The Man Who Planted Trees (or L’homme qui plantait des arbres’) by French author Jean Giono is a legendary tale written in the 1950’s, which has been translated into a multitude of languages.
It tells the story of one shepherd, Elzéard Bouffier, living in a desolate valley in the foothills of the Alps near Provence throughout the first half of the 20th century, who single-handedly re-forests and resurrects the wasteland around him. It is a message well ahead of its time, and one that has stayed with me in the few days since reading the short tale.
The story is narrated by a young man who remains anonymous, and who in 1910 and at the start of the book, sets out on a lone journey on foot through a wilderness region of France. There is no trace of civilization and natural springs have dried up years ago. He is in desperate need of water, and at that point in his journey meets Elzéard Bouffier for the first time, who takes him in and gives him food and rest.
The shepherd is a man of few words and the narrator is fascinated by his lonely existence. On the first evening the narrator observes him carefully select one hundred perfect acorns from a pile that he has collected, which he painstakingly plants by hand the next day.

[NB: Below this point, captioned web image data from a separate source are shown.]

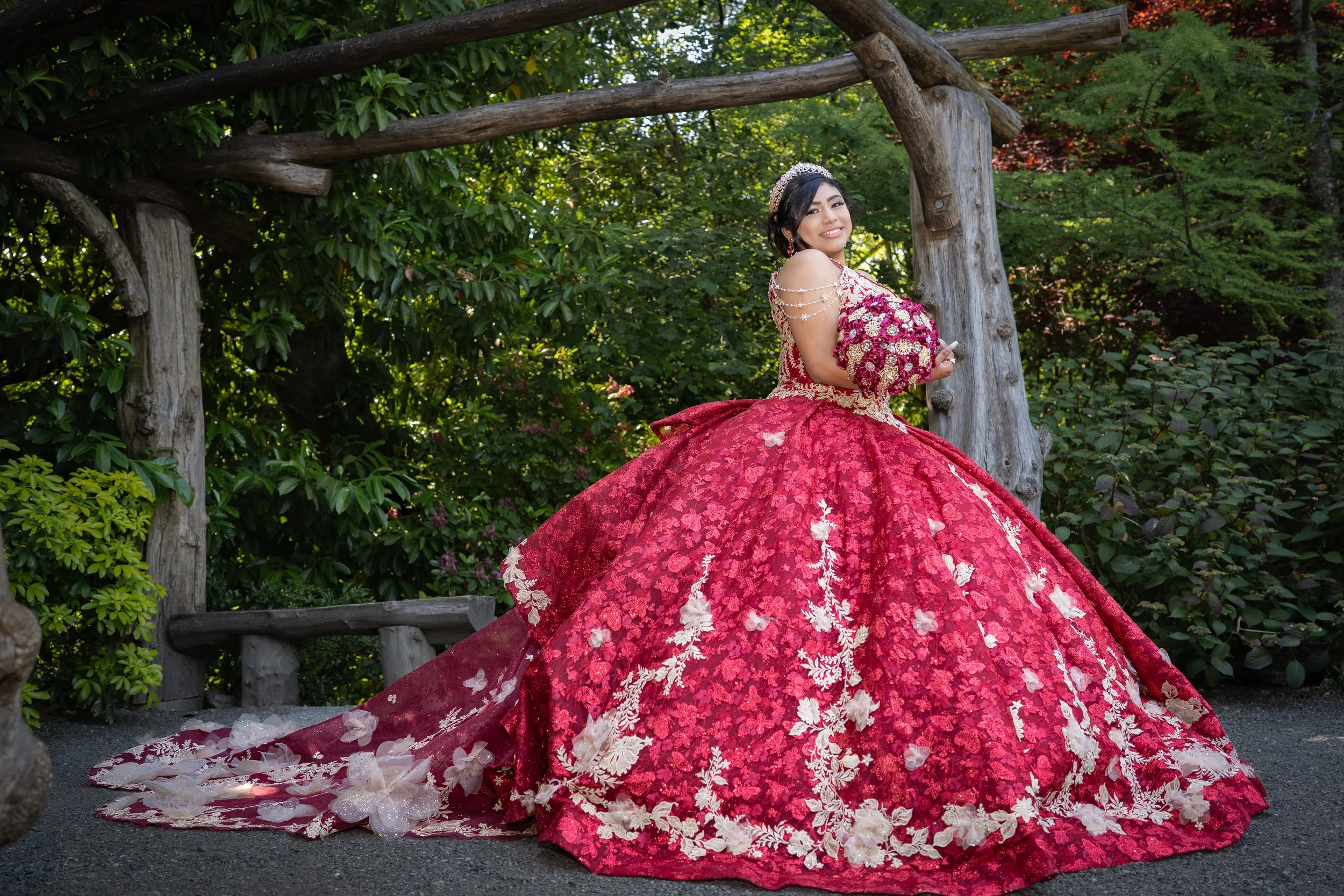 A woman in a red and white floral bridal gown and tiara standing outdoors near trees.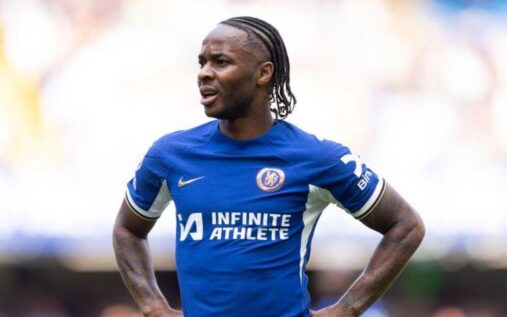 Raheem Sterling in discussion with Feyenoord manager Robin van Persie during a training session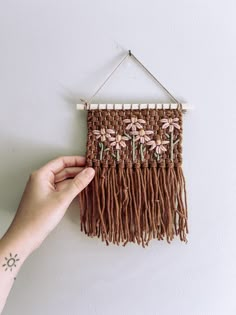 a hand holding a piece of woven material with flowers and leaves on it, in front of a white wall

“He had been planting trees in the wilderness for three years. He had planted one hundred thousand of them. Out of those, twenty thousand had sprung up. Of the twenty thousand, he still expected to lose half, because of rodents or the unpredictable ways of Providence. That meant ten thousand oaks would grow where before there had been nothing.”
Over the course of the next 40 years, during which time two World Wars take place, the shepherd continues in his tree planting mission, and the narrator continues to visit him. The narrator sees the desolate hills transform into a magnificent forest, where streams begin to flow again and civilisation returns. The old shepherd had breathed life back into the land.